Chief Justice Rehnquist's most significant jurisprudential contribution will not ultimately be states' rights, however, but the steps his court took firmly to entrench the supremacy of the judicial branch over the president, the Congress, and the states. The Rehnquist Court has not hesitated to place judicial limits on the executive branch's treatment of detainees, even in time of war, and robustly to defend freedom of speech. This court has been quick to set aside acts of Congress because it disagrees with the social judgments of the officials who had been elected by the people of the United States. Nor did the court hesitate to step in ahead of Congress to decide a disputed presidential election.
The potential impact of the court's repeated and confident assertions of judicial supremacy have been underappreciated, largely because the exercise of that authority by the Rehnquist Court has been controlled by the two justices close to the moderate center of American political life—Anthony Kennedy and Sandra Day O'Connor. If the court were to move sharply to the political left or right, that foundation of judicial supremacy and disregard for the judgment of other branches of government could lead to truly profound consequences.

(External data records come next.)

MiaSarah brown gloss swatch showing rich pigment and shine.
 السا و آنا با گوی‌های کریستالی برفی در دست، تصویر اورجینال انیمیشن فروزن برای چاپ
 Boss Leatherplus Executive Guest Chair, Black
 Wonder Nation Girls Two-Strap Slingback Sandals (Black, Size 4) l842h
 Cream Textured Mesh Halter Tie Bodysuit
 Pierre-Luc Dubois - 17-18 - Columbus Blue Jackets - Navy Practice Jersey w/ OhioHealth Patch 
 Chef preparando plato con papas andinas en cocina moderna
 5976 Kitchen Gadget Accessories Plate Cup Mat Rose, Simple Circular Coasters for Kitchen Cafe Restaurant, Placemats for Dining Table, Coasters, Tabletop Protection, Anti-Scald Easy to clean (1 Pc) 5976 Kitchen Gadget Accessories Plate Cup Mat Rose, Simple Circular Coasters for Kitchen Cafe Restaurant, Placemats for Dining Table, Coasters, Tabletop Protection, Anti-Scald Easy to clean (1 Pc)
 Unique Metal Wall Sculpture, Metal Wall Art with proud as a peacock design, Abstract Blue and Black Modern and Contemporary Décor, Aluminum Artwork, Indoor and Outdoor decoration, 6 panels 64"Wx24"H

Will William Rehnquist's exaltation of the judicial role turn out to be good for America and its people? As I noted here at the end of the chief’s final term, it is too early to tell. Way too early.
Over more than a decade with no changes in composition, the Rehnquist Court became like a family. Most striking is how much the other justices—even those who often profoundly disagreed with him on the most critical issues to come before the court—seemed genuinely to like their friend Bill Rehnquist. There has been little public comment about his extraordinary physical struggles to finish the past term. The other justices, and all those who work at the court, were deeply moved at what they consider to be his truly heroic performance of duty. It was Rehnquist at his best.